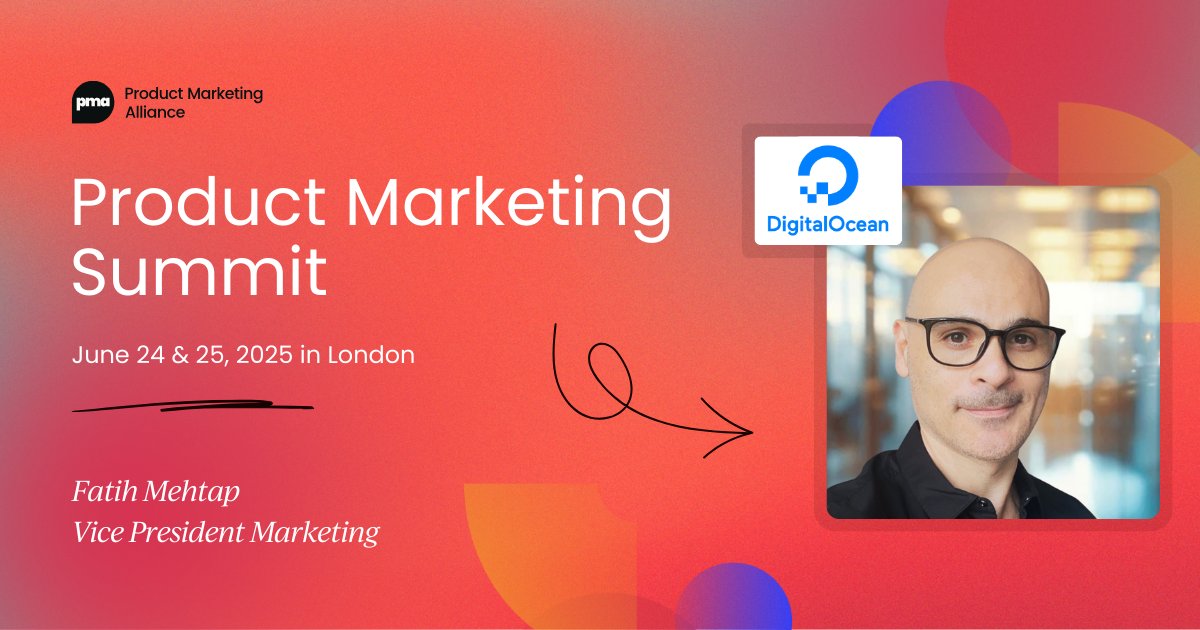 Thanks <a href="/PMMalliance/">Product Marketing Alliance</a> for the invite! 🙌🙌
Register and join us in London to learn about the strategies and practical frameworks I’ve used when navigating through Startups to Fortune 500 companies. 
events.gotomarketalliance.com/location/londo…
#PMA #productmarketing #events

* [Work to complete] Go through the listing above and return every line where the word "events" occurs.

* [Answer for this exercise]
events.gotomarketalliance.com/location/londo…
#PMA #productmarketing #events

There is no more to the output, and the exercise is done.